Bose responded on Friday to a proposed class-action lawsuit filed earlier in the week that accused the headphone giant of secretly collecting and sharing what some of its headphone and speaker users listen to.
Bose said in a statement that it would fight the accusations, which it called “inflammatory” and “misleading.”
“Nothing is more important to us than your trust,” the company wrote. “We work tirelessly to earn and keep it, and have for over 50 years. That’s never changed, and it never will.”
The accusations come from an Illinois man named Kyle Zak and Edelson PC, a Chicago-based law firm that focuses on cases involving consumer technology and privacy. They center on Bose’s Connect app, an optional companion app that can tweak settings for various Bose headphones and Bluetooth speakers, including the often-recommended QuietComfort 35 noise-cancelling headphones.
Zak has accused Bose of using the Connect app to intercept the titles and listening info for every audio file that users listen to, then sharing that info with third parties without users’ permission.
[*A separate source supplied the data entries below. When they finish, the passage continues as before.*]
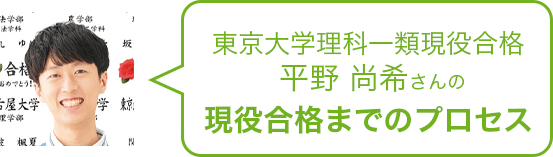 東京大学理科一類現役合格 平野さんの現役合格までのプロセス
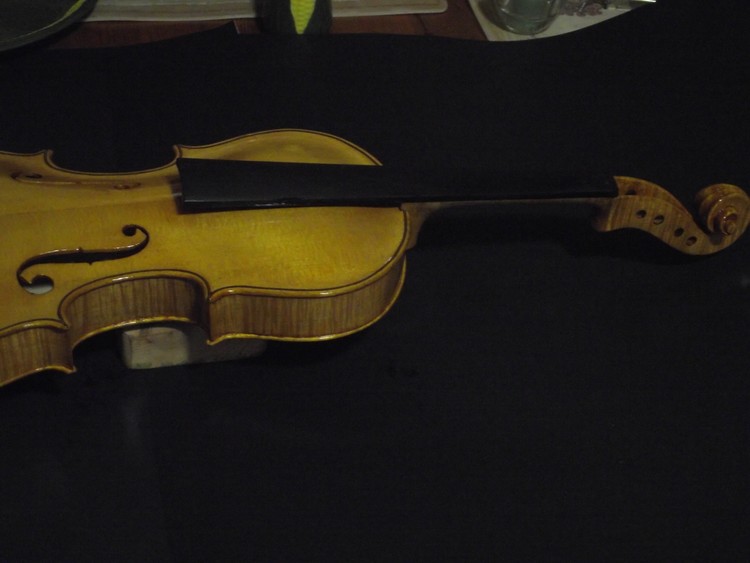 Violin Oct/17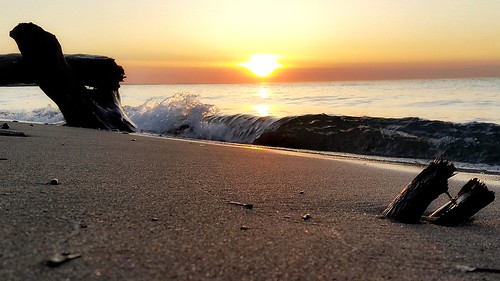 sun toronto canada water sunrise outdoors shoreline driftwood scarborough lakeontario bliss greatlake
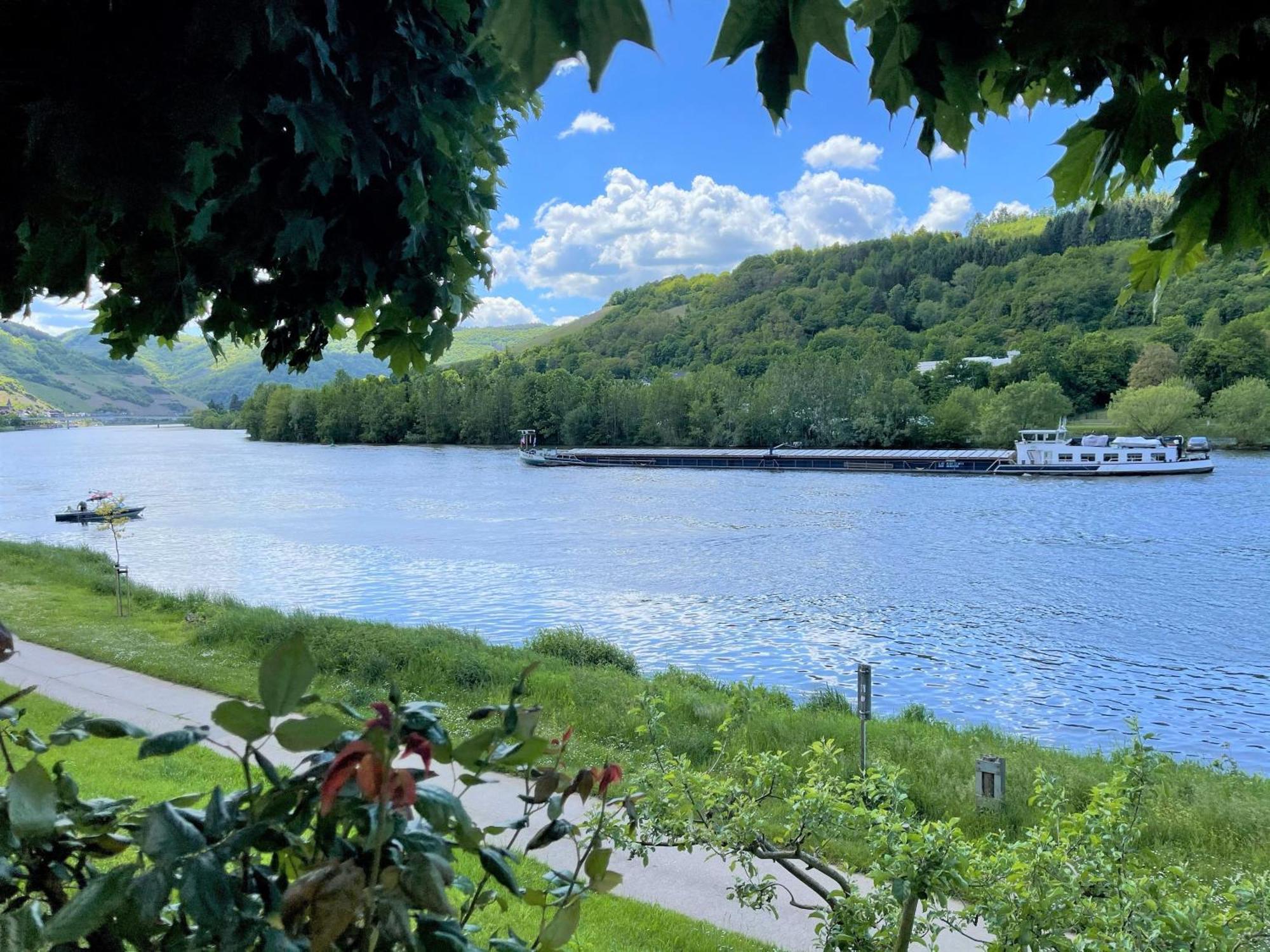Hotel Garni "Cafe Im Hamm" Zell an der Mosel Phòng bức ảnh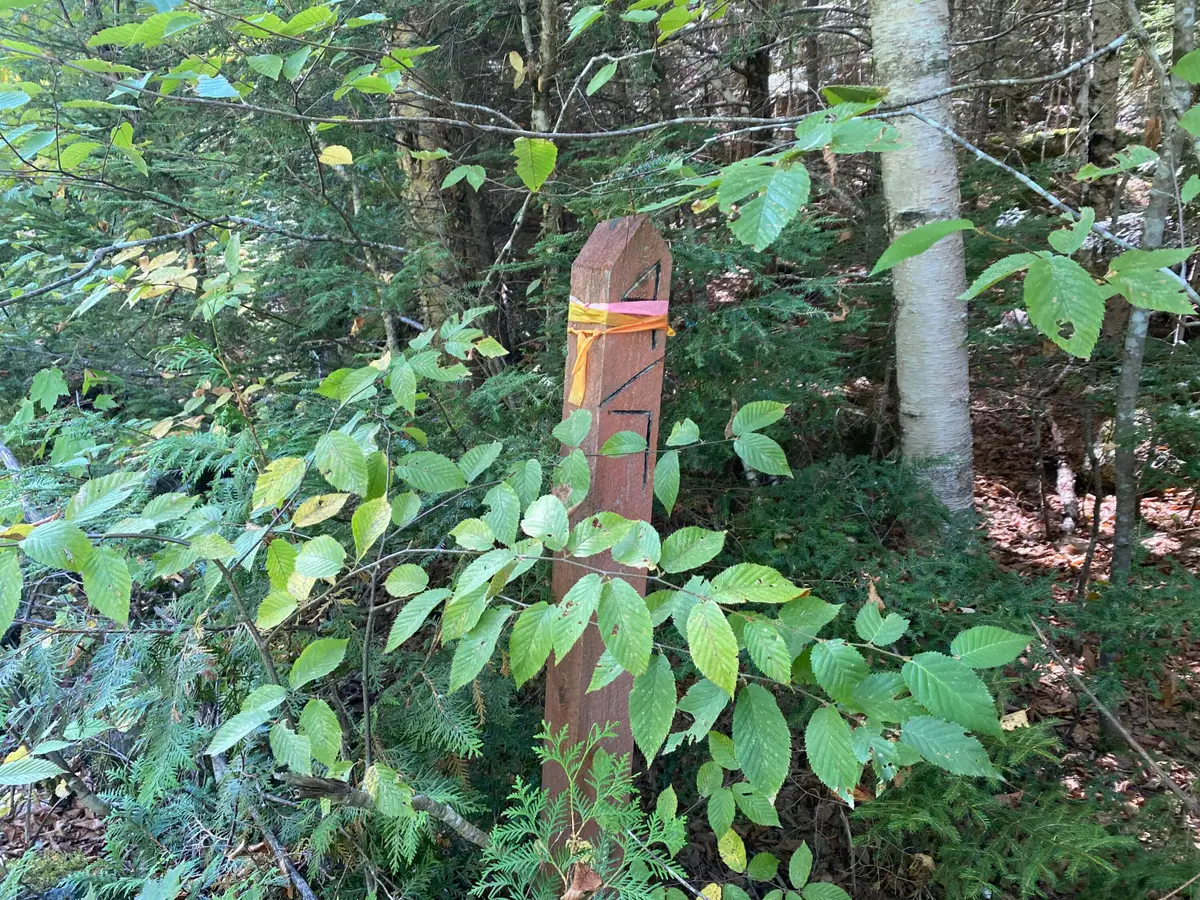 M06-Lot18B Sys Road, Lakeville, ME 04487 - #1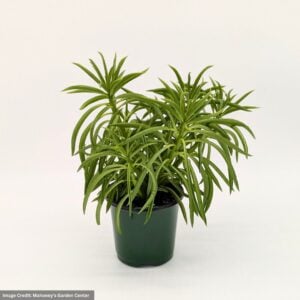 Peperomia – Happy Bean – 4″ Pot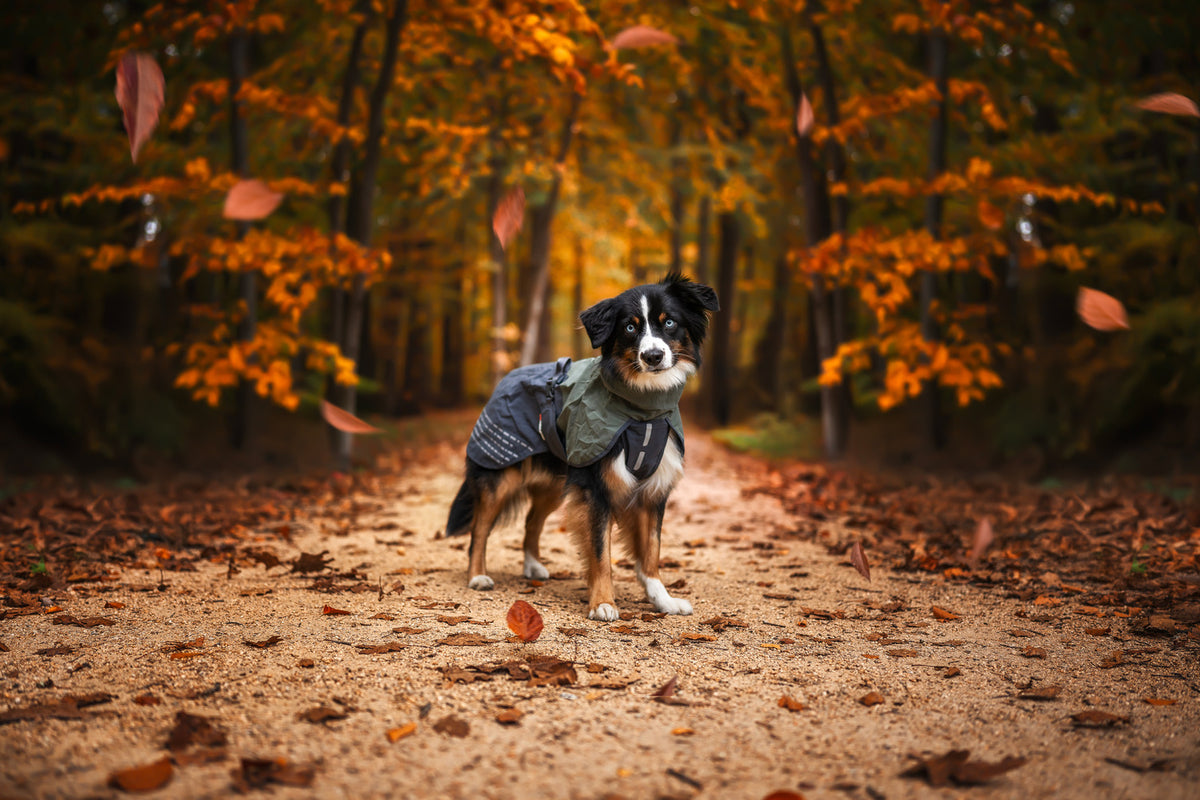 Fjord raincoat (12)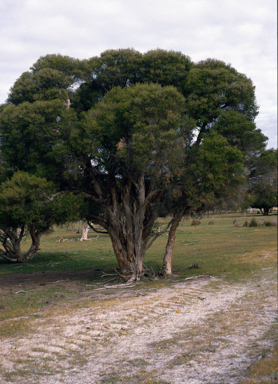 APII jpeg image of Melaleuca preissiana  © contact APII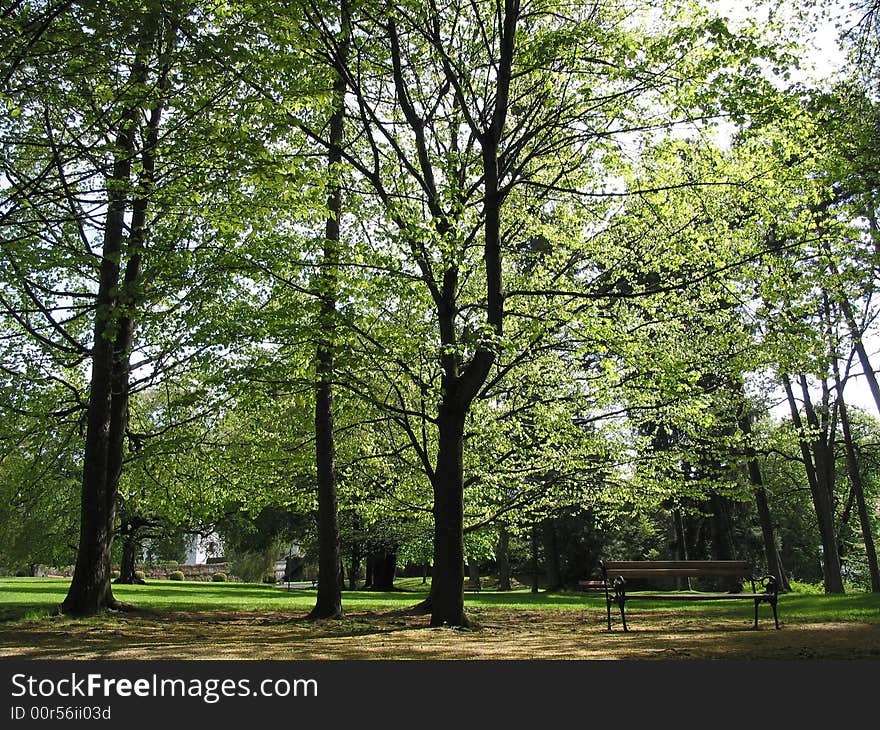 Tree in a park in Tirol, Austria. Tree in a park in Tirol, Austria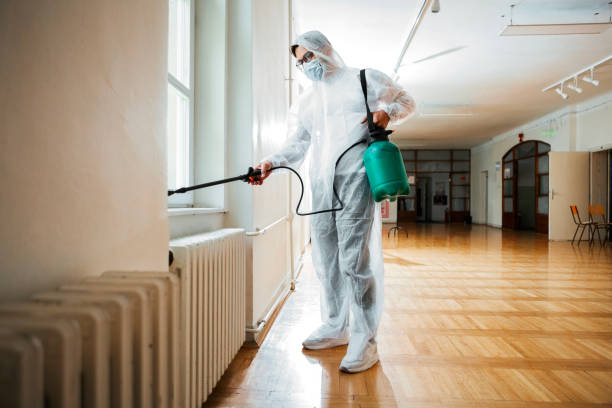Best Termite Control Services  in Gosport, IN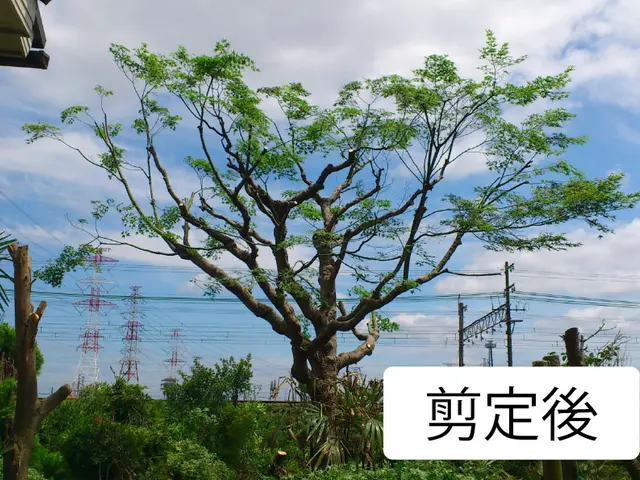 70年の歴史◎確かな技術・知識を提供致します！樹木の為にできることを一番に！サービスの画像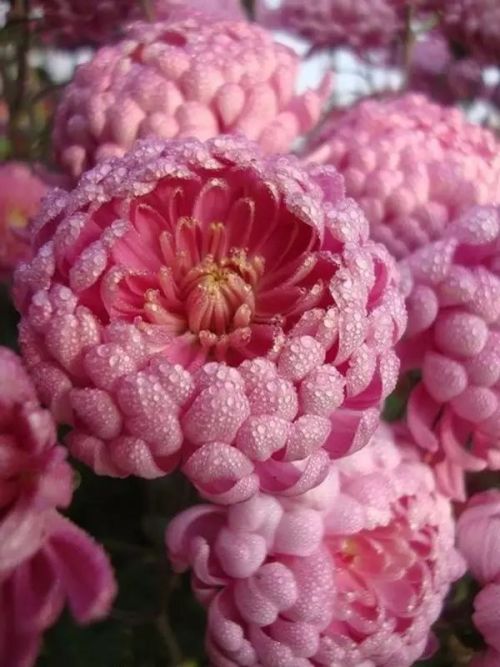 inkjadestudio:寒露 Cold Dew 8 October 2018Pic Sources: www.photophoto.cn/show/09293714.html，htt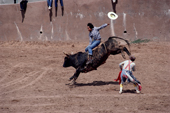 Bull rider lets go of his hat at an open air Rodeo, The clown stands by to distract the Bull. USA
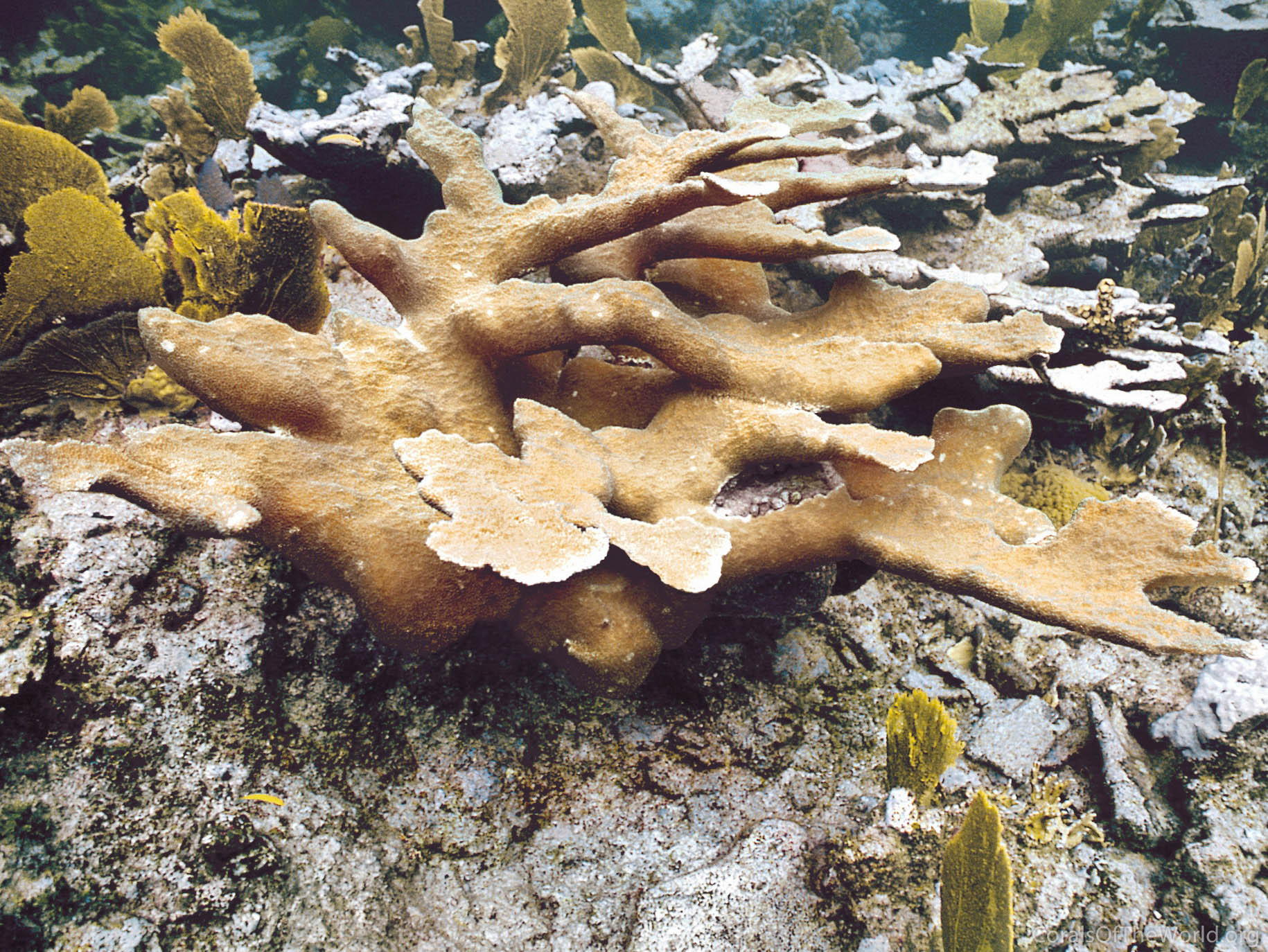 Acropora palmata
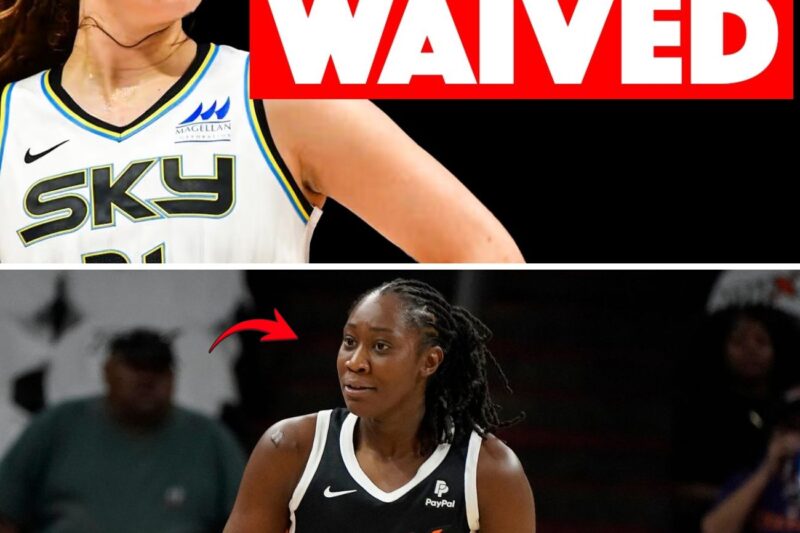 The Chicago Sky’s Shocking Roster Purge: Why Management is Trashing the Future to Build the WNBA’s Oldest Retirement Home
Zak claims that this violates the federal Wiretap Act on the grounds that Bose could tie that listening metadata to a product’s serial number and a user’s personal information.
Bose’s privacy policies are generally open about sharing “de-identified and aggregated information about [its] customers” with advertisers and other third parties, but the company is adamant that nothing it shares could be used to personally identify its users.
“In the Bose Connect App, we don’t wiretap your communications, we don’t sell your information, and we don’t use anything we collect to identify you — or anyone else — by name,” Bose wrote in the statement. “If there’s anything else we think you should know, you’ll hear it straight from us.”
The complaint is seeking an unspecified amount in financial damages. According to Forbes, Bose — a privately held company — had annual revenues of $3.5 billion in 2015.